Scrive Gambella : “Non serve a niente riformare la scuola superiore, o l'università. Il cambiamento deve partire dal basso, dalla scuola elementare, che oggi non serve a niente, è solo un prolungamento della materna. Alle medie arrivano bambini che sono già abituati a bullismo e turpiloquio imparati alle elementari. Una scuola, in generale, dovrebbe soprattutto educare. Educare i futuri cittadini a svolgere il proprio dovere nel rispetto delle regole e del prossimo. Non i contenuti sono in discussione, ma i metodi. Chi è andato alle elementari fino agli Anni Sessanta ha imparato ortografia, aritmetica, storia e geografia (almeno tutte le province italiane!) perché c'era più rigore e più selezione. Si puniva. Ora nella scuola non c'è più selezione, manca il senso di responsabilità, il sapersi gestire, si trovano spaesati di fronte alla selezione vera, quella del mondo del lavoro, non avendo mai superato esami «veri». Non è vero per tutti, per fortuna, ma la maggioranza è questa. Non è abituata a lavorare”. L’articolo è insomma la richiesta di un generalizzato “ritorno all’ordine”: grembiulino, nastrino, autorità indiscutibile, punizioni (in ginocchio dietro la lavagna?), bocciature anche nella scuola dell’obbligo.
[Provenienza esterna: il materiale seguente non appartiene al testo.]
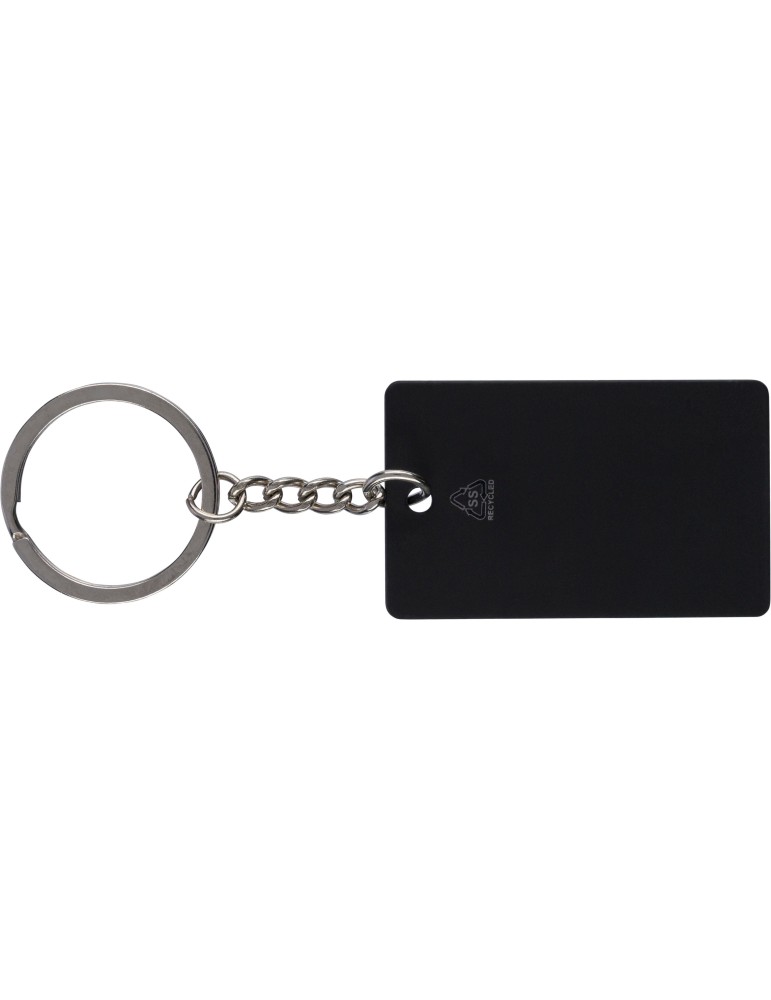 Porte-clés rectangulaire en acier inoxydable recyclé Jax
La lettera, certamente scritta in buona fede, dopo aver proposto il ritorno della “fila per tre” e del servizio di leva anche per gl’immigrati, si conclude con una battuta che condivido: “Ma il permesso di soggiorno a punti e lo studio della Costituzione ci vorrebbe anche (anzi, soprattutto) per gli italiani... Gli immigrati non sono un problema. Il problema siamo noi”.

Lascio gli eventuali più articolati commenti agli eventuali frequentatori del blog. Qui propongo, in forma interrogativa, solo quattro punti di discussione.

I°. Una scuola elementare che, fin dalle elementari, punisce, boccia e seleziona, è anche una scuola che esclude ed emargina. E’ nell’interesse di una società ordinata produrre esclusi, emarginati e disadattati?

II°. Gambella non ragiona di contenuti: lascia intendere che quelli dei suoi tempi (“ortografia, aritmetica e … tutte le province italiane”) bastano e avanzano. Ma una scuola depauperata conserverebbe ruolo e importanza rispetto alla tante (troppe) sollecitazioni di una società mediatica potente e pervasiva? Non perderebbe autorevolezza?

III°. I figli degli immigrati nelle scuole ci sono e nelle elementari sono spesso tanti e diversi. Funzionerà una didattica basata su “ordine e disciplina” in un contesto così complicato o non è meglio adottare strategie che, oltre al rispetto delle regole, prevedano apertura, comprensione, valorizzazione delle diversità?

IV°. Ha senso, allora, tagliare le risorse, tornare al maestro unico, abolire (o quasi) gli insegnanti di sostegno, gonfiare il numero degli alunni per classe? Se la qualità scende diventa velleitario pretendere fiducia dai genitori e obbedienza dai bambini.